_INFORMATION PROVIDED_
═══

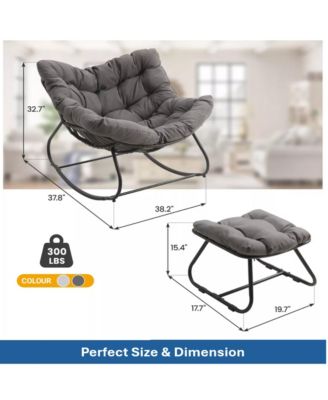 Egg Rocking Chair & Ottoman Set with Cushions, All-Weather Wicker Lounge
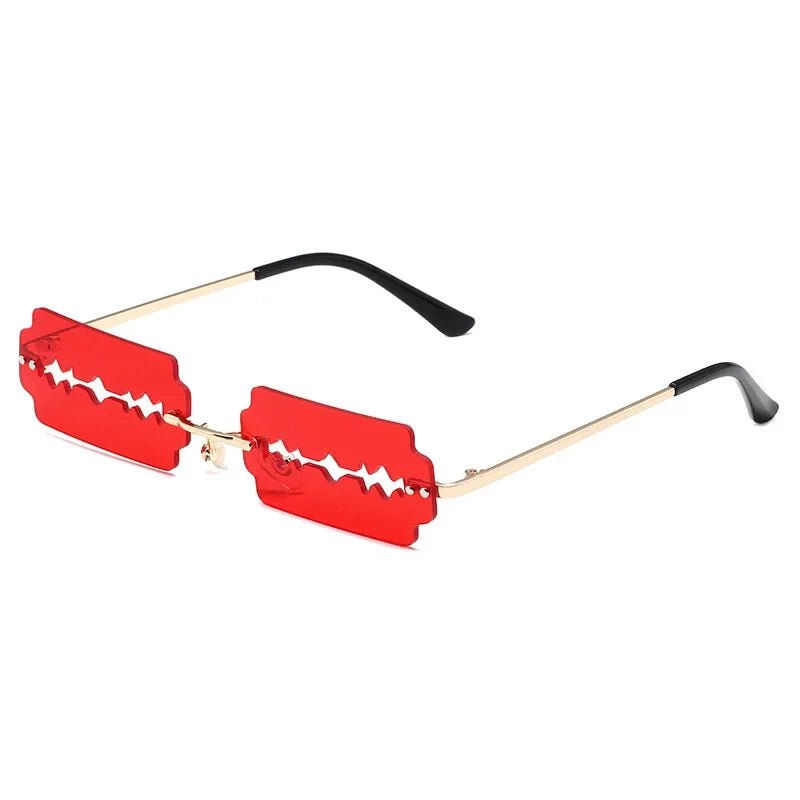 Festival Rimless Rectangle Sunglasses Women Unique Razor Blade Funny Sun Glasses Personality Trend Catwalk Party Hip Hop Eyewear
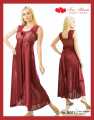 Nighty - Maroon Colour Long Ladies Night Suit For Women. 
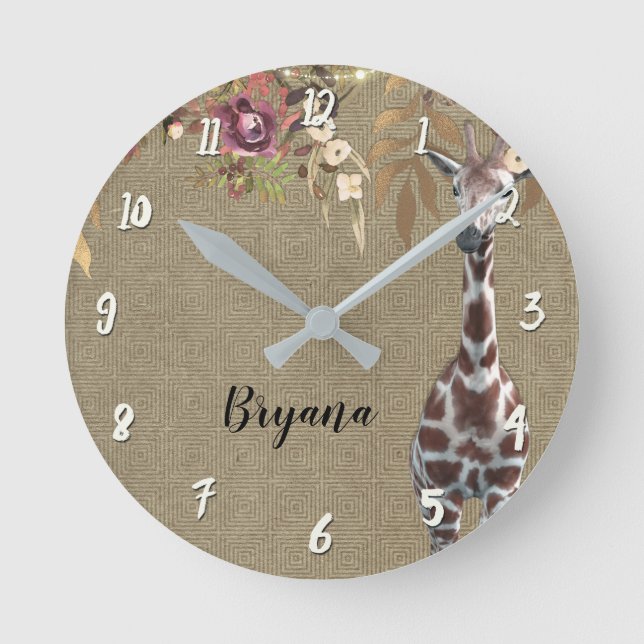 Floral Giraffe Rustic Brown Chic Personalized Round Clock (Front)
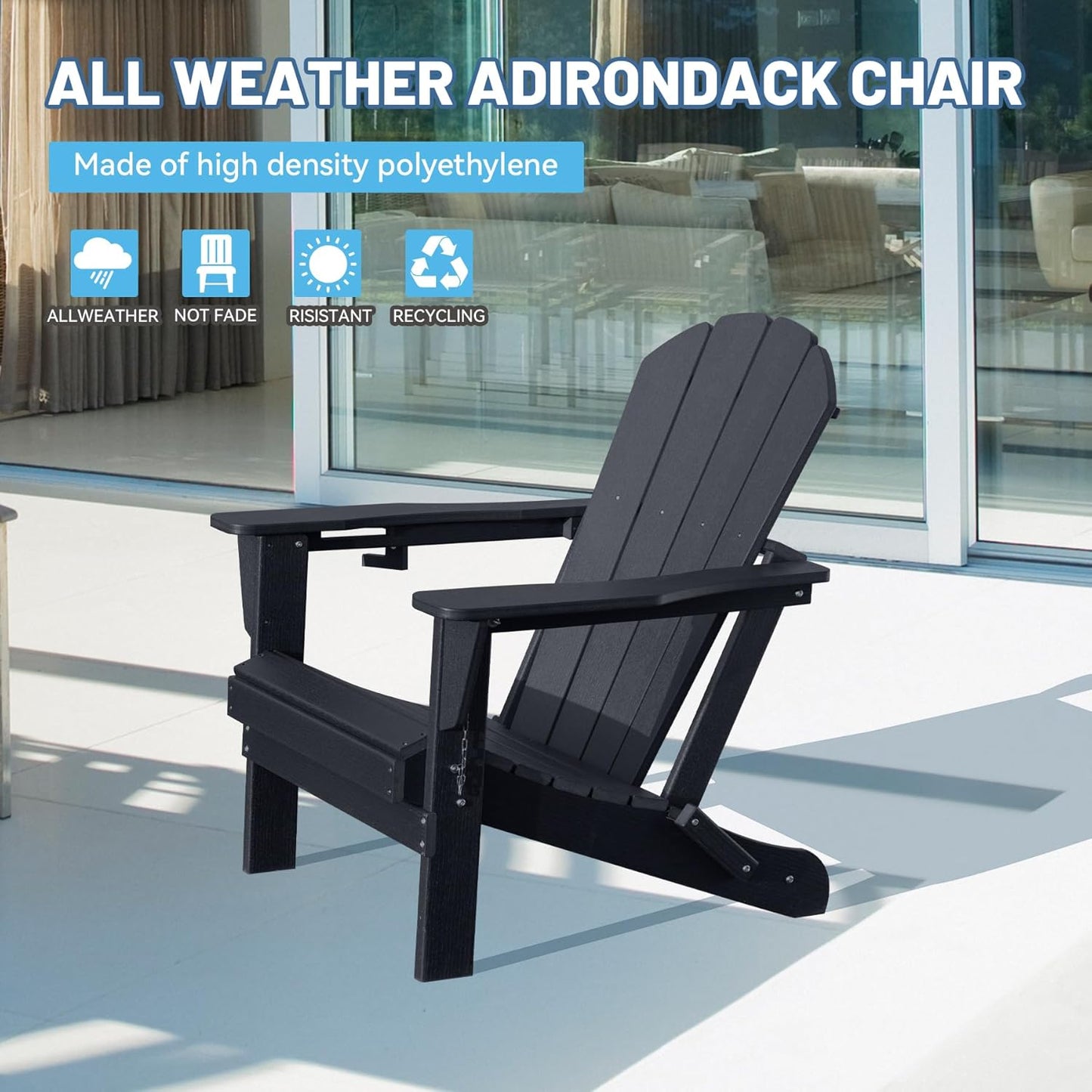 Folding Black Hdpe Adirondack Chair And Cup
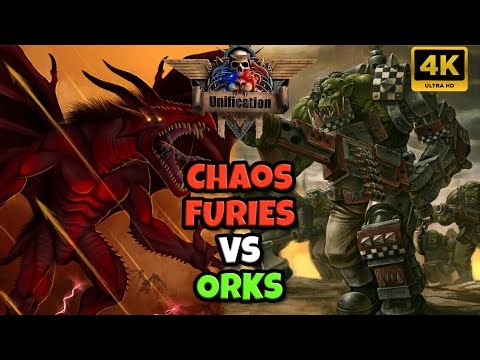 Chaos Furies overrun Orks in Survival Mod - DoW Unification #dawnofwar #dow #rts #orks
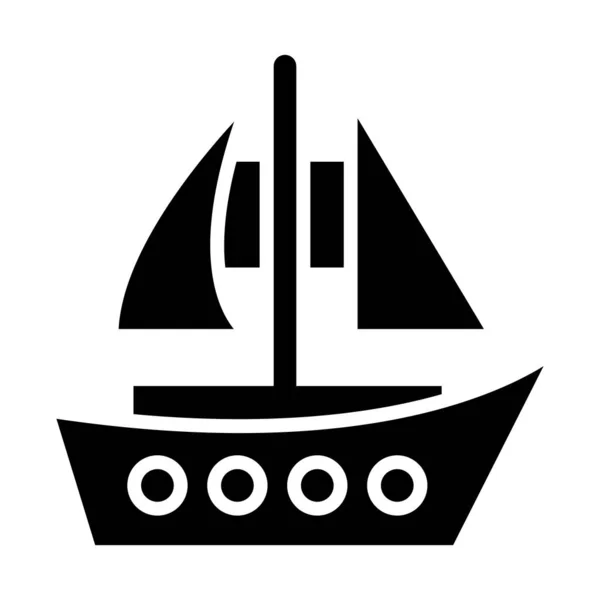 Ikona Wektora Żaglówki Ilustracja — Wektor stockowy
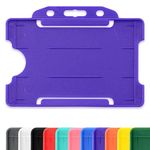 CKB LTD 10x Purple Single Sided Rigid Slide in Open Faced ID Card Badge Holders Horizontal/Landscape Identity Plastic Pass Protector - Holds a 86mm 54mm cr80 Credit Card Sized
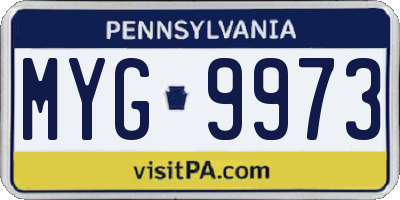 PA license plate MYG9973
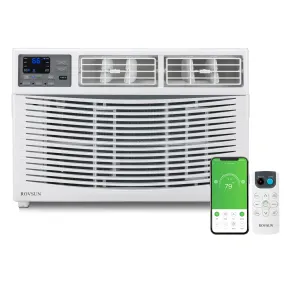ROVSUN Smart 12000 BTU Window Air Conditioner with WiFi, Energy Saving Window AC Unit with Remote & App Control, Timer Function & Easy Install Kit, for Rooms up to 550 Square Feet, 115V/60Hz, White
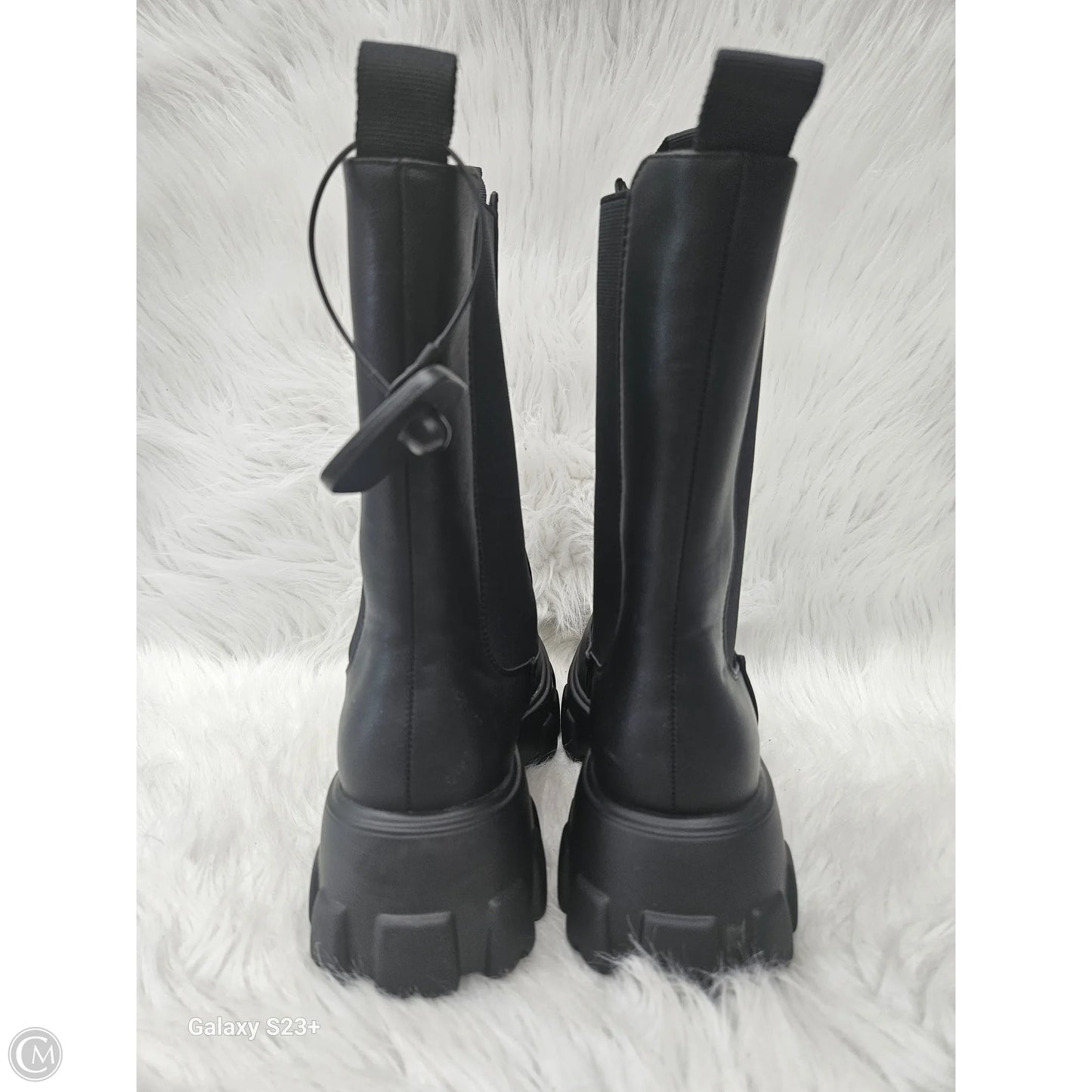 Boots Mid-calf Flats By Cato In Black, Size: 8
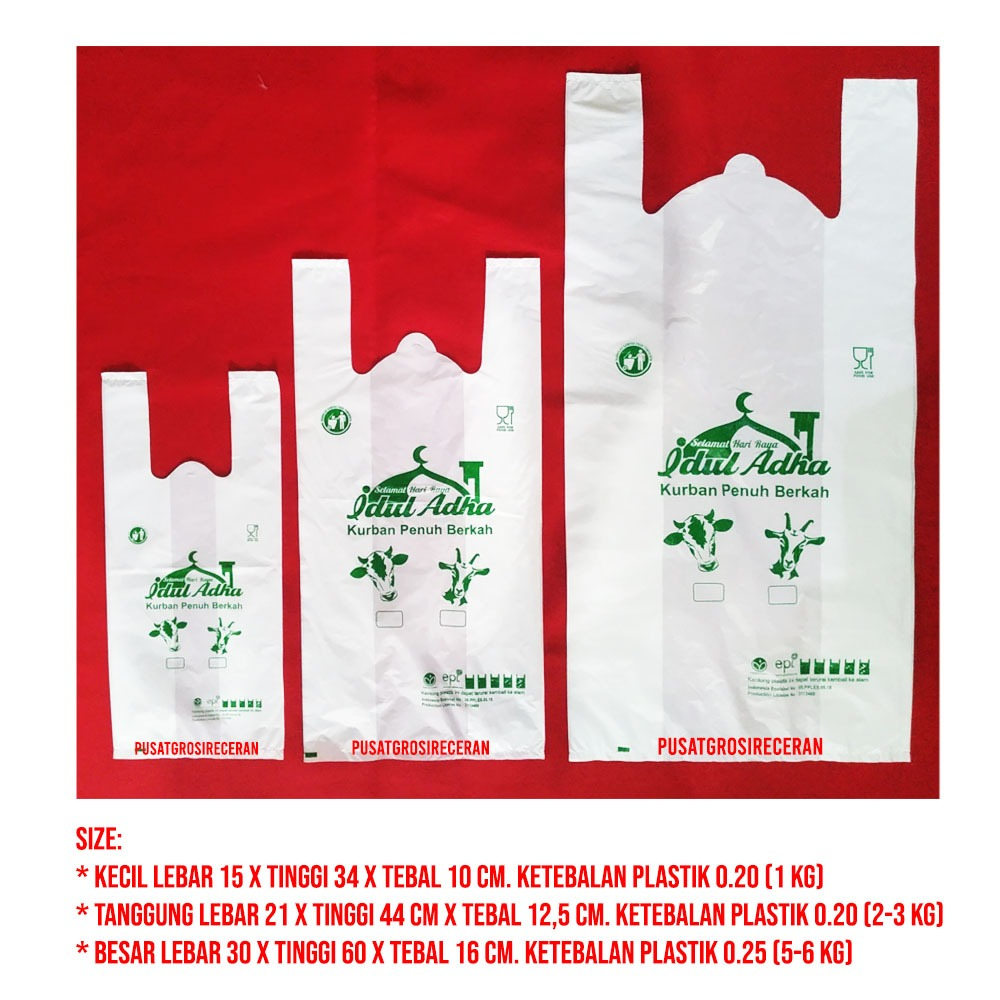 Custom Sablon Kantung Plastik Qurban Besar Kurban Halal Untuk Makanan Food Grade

═══

Could you output all of the entries above exactly? Leave the pictures out.

_RESULT FOR THIS TASK_
 Egg Rocking Chair & Ottoman Set with Cushions, All-Weather Wicker Lounge
 Festival Rimless Rectangle Sunglasses Women Unique Razor Blade Funny Sun Glasses Personality Trend Catwalk Party Hip Hop Eyewear
 Nighty - Maroon Colour Long Ladies Night Suit For Women. 
 Floral Giraffe Rustic Brown Chic Personalized Round Clock (Front)
 Folding Black Hdpe Adirondack Chair And Cup
 Chaos Furies overrun Orks in Survival Mod - DoW Unification #dawnofwar #dow #rts #orks
 Ikona Wektora Żaglówki Ilustracja — Wektor stockowy
 CKB LTD 10x Purple Single Sided Rigid Slide in Open Faced ID Card Badge Holders Horizontal/Landscape Identity Plastic Pass Protector - Holds a 86mm 54mm cr80 Credit Card Sized
 PA license plate MYG9973
ROVSUN Smart 12000 BTU Window Air Conditioner with WiFi, Energy Saving Window AC Unit with Remote & App Control, Timer Function & Easy Install Kit, for Rooms up to 550 Square Feet, 115V/60Hz, White
 Boots Mid-calf Flats By Cato In Black, Size: 8
 Custom Sablon Kantung Plastik Qurban Besar Kurban Halal Untuk Makanan Food Grade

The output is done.